概要
モデル75は、ニールス・オットー・モラーが1954年に発表したダイニングチェアである。肘掛けを持たず、平らな板の背もたれとペーパーコードの座面を組み合わせる。モラー自身が1944年に設立したJ.L. Møllers Møbelfabrikで、発表以来つくり続けられている。
特徴・コンセプト
貫を必要としない接合
座枠の四隅では、木のダボが互いに噛み合う形で組まれる。この接合によって座枠そのものが四方向の力を受け止められるため、通常のダイニングチェアで脚を横につなぐ貫がなくても強度が成立する。
モラーはそのうえで貫を残しているが、位置を通常より高く上げている。脚の下側が抜けて見えるため、床に近い部分の視覚的な重さが減る。構造上は不要になったものを、意匠のために配置し直した処理である。
肘掛けを持たない形
背もたれは平らな板で、左右への張り出しがない。肘掛けもないため、使わないときはテーブルの下に深く押し込める。1950年代のデンマークでは住宅の規模が小さく、椅子を並べたときの占有面積が設計上の条件になっていた。テーブルまわりに複数脚を置くことを前提とした寸法と輪郭になっている。
素材と仕上げ
フレームはオーク材やビーチ材の無垢材で、オイル、ソープ、ラッカーの各仕上げのほか、燻煙オークやブラックステインも選べる。座面はペーパーコード(ナチュラルまたはブラック)が基本で、ファブリックや本革の張地も用意される。ペーパーコードは編み込んだ面がわずかにたわみ、座る人の体重で沈み込む。
エピソード
モラーは1944年にオーフスでJ.L. Møllers Møbelfabrikを設立し、1946年に最初の椅子を発表した。モデル75はその後の一連のダイニングチェアの初期にあたる。1961年にはヘイビャウに工場を設け、現在もこの工場で生産が続く。

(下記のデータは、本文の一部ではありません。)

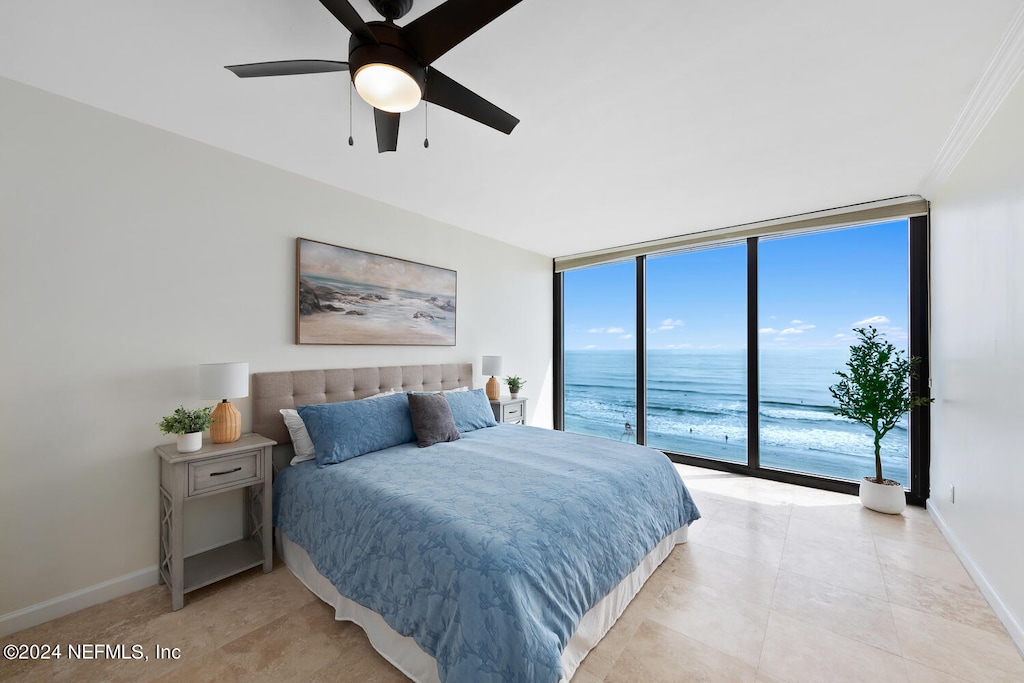 bedroom featuring a water view, ornamental molding, access to outside, ceiling fan, and expansive windows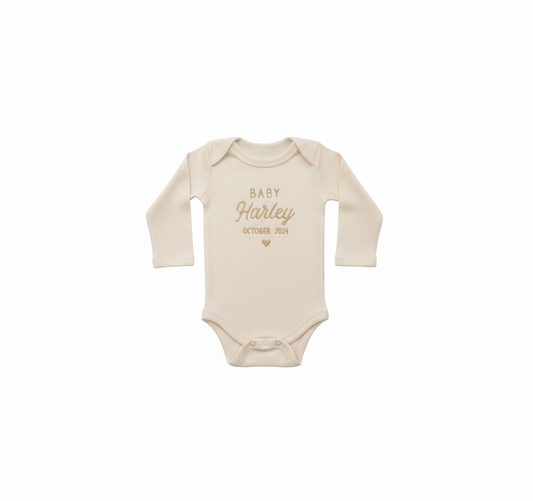 A cream colored baby bodysuit with "Baby Harley October 2024" and a heart embroidered on the front in gold thread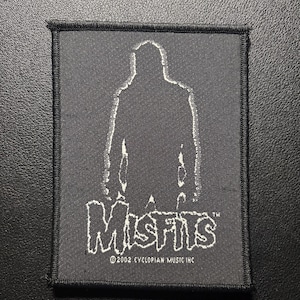 Può includere: Toppa quadrata nera con una silhouette bianca di una figura e la parola "Misfits" in un font stilizzato. La toppa include anche il testo "©2002 CYCLOPIAN MUSIC INC". La toppa ha un bordo nero.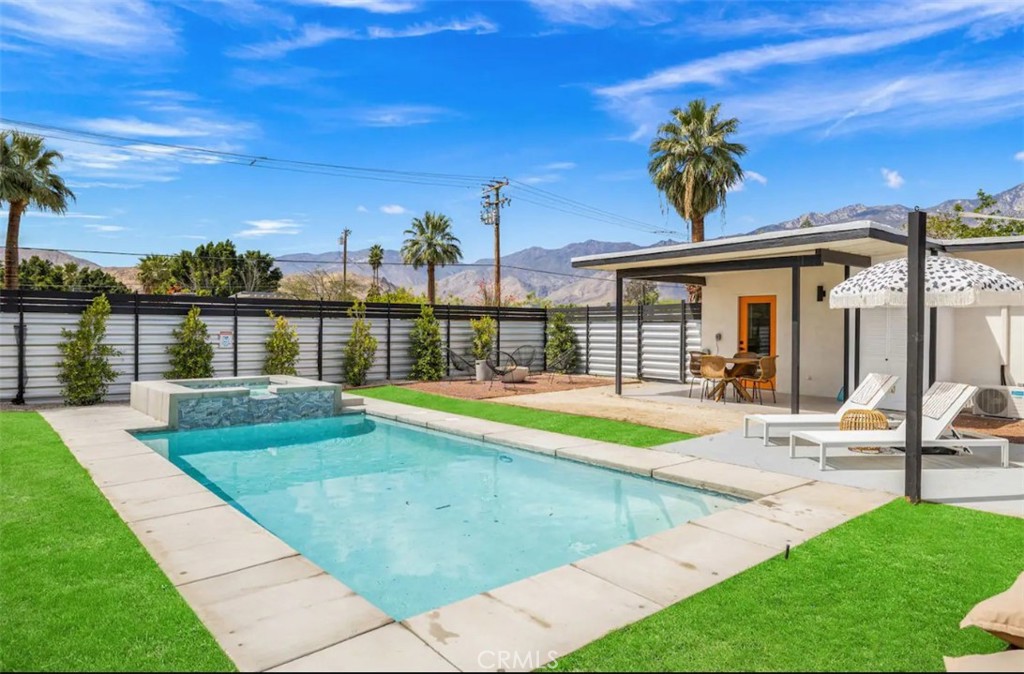 a view of a house with swimming pool and a yard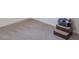 Neutral-colored carpet featuring cleaning lines and a wooden shelving unit at 5602 Northport Dr, Indianapolis, IN 46221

工場には大規模な組立ラインがなく、職人が工程ごとに分担して一脚ずつ仕上げる。接合はホゾとホゾ穴による伝統的な方法をとり、最終的な研磨も手作業で行われる。
評価と影響
発表から70年を経て生産が続いており、デンマークのダイニングチェアの標準的な形のひとつとして扱われている。1950年代から1960年代に製作された個体は中古市場でも流通しており、現行品と同じ製法で作られている。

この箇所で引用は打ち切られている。